* [Your objective] Reproduce the records below exactly as they appear, omitting any pictures they contain.

* [Captioned web images]
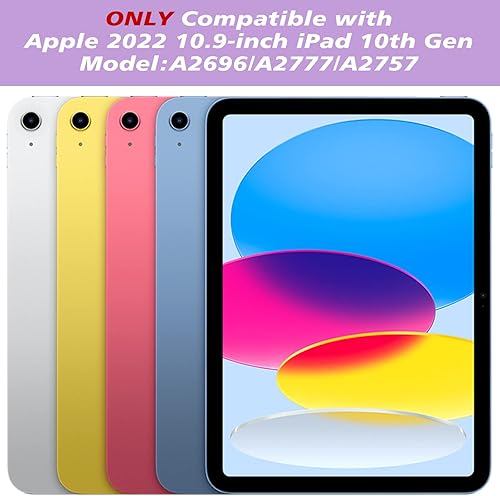 Miniatura 2 de Funda táctil para iPad de 10. generación con teclado, funda de teclado multitáctil con soporte para lápiz Apple, funda protectora giratoria de 360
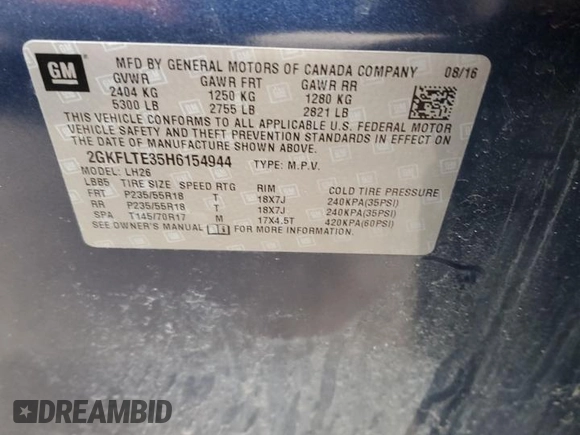 2017 GMC Terrain SLE with VIN 2GKFLTE35H6154944, listed as a Copart auction lot 52602825 with 65,610 mi miles and Clean Title. Bid and sale history available at carsss.com. Image 12.
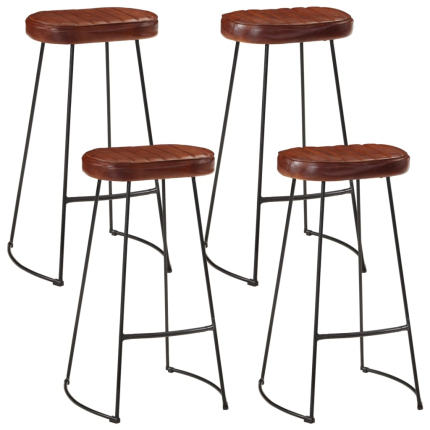 Ensemble Table mange debout Industriel avec 4 tabourets - Marron foncé - Bois massif de manguier et fer 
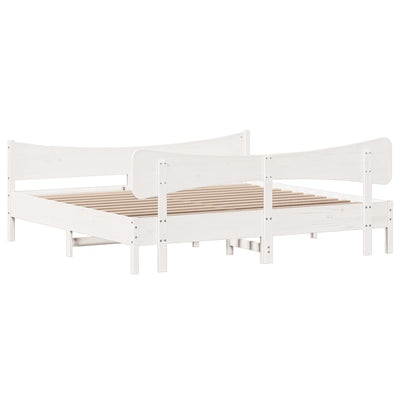 Bed Frame with Headboard White 200x200 cm Solid Wood Pine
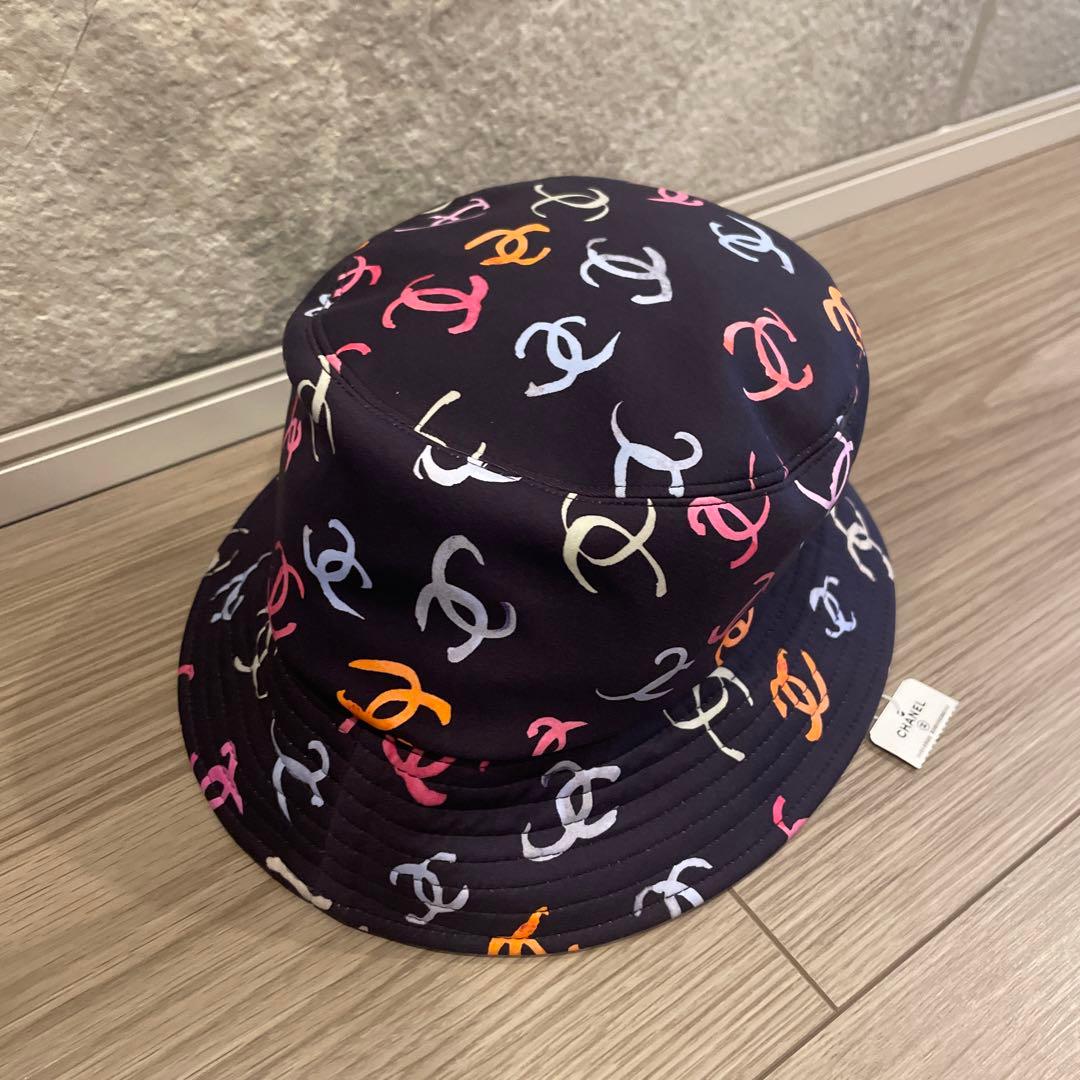 【新品未使用】CHANEL ココマーク総柄　バケットハット　ポリアミド　Ｌサイズ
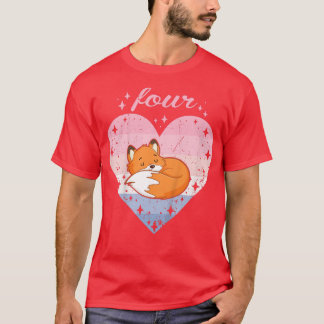 Kinder 4 Jahre alter Niedlicher Fox Geburtstagskin T-Shirt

* [Exercise result]
 Miniatura 2 de Funda táctil para iPad de 10. generación con teclado, funda de teclado multitáctil con soporte para lápiz Apple, funda protectora giratoria de 360
 2017 GMC Terrain SLE with VIN 2GKFLTE35H6154944, listed as a Copart auction lot 52602825 with 65,610 mi miles and Clean Title. Bid and sale history available at carsss.com. Image 12.
 Ensemble Table mange debout Industriel avec 4 tabourets - Marron foncé - Bois massif de manguier et fer 
 Bed Frame with Headboard White 200x200 cm Solid Wood Pine
 【新品未使用】CHANEL ココマーク総柄　バケットハット　ポリアミド　Ｌサイズ
 Kinder 4 Jahre alter Niedlicher Fox Geburtstagskin T-Shirt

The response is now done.